### [TASK DESCRIPTION]
The exercise calls for the lines from the one containing "Once you're done, restart" to the end of the data below to be output exactly, pictures excluded.
::: DATA SHOWN
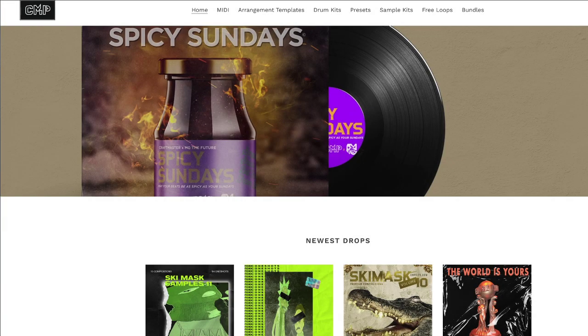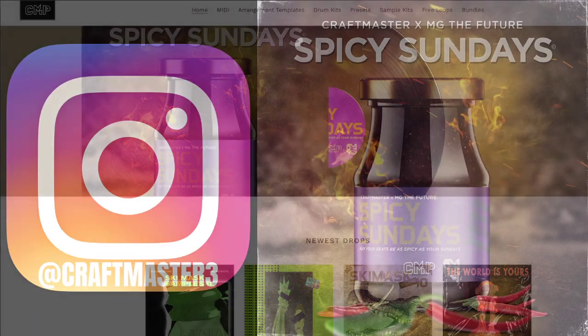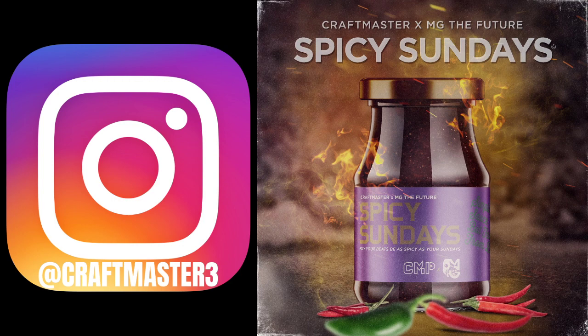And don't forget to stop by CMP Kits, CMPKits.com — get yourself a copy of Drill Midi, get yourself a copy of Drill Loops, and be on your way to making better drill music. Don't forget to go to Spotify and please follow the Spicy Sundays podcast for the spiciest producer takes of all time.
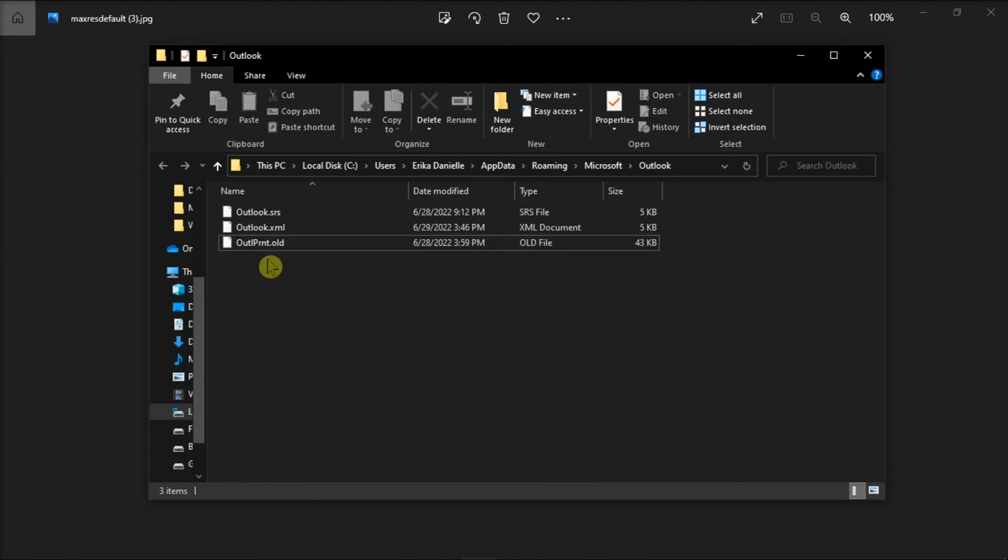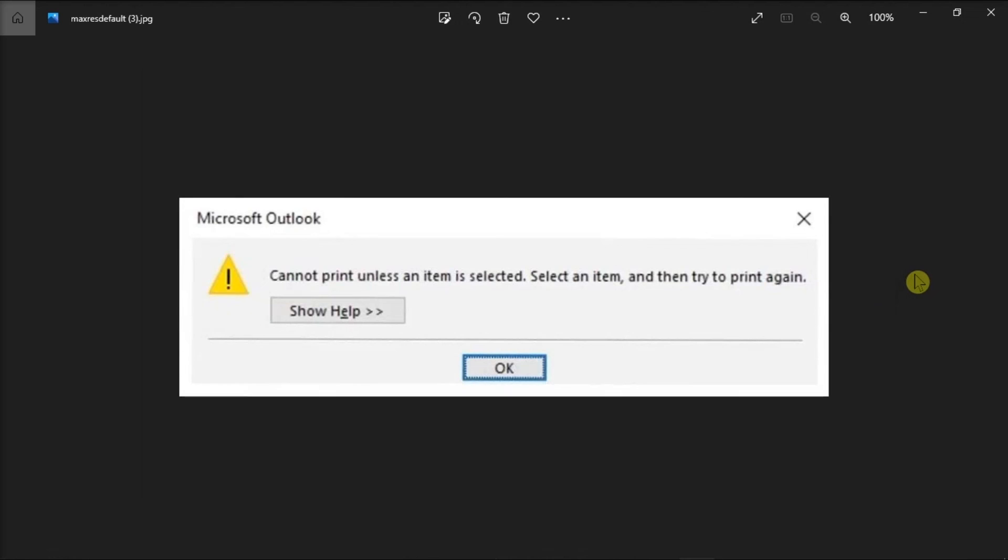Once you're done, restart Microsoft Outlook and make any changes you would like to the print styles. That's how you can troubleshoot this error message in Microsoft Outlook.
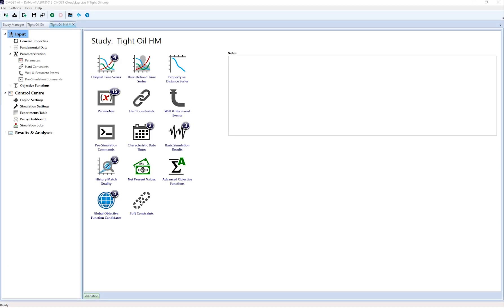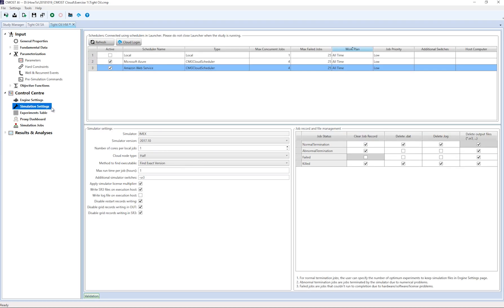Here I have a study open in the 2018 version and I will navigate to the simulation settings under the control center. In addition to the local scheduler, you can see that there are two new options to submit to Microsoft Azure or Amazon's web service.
::::::
### [RESULT]
Once you're done, restart Microsoft Outlook and make any changes you would like to the print styles. That's how you can troubleshoot this error message in Microsoft Outlook.
Here I have a study open in the 2018 version and I will navigate to the simulation settings under the control center. In addition to the local scheduler, you can see that there are two new options to submit to Microsoft Azure or Amazon's web service.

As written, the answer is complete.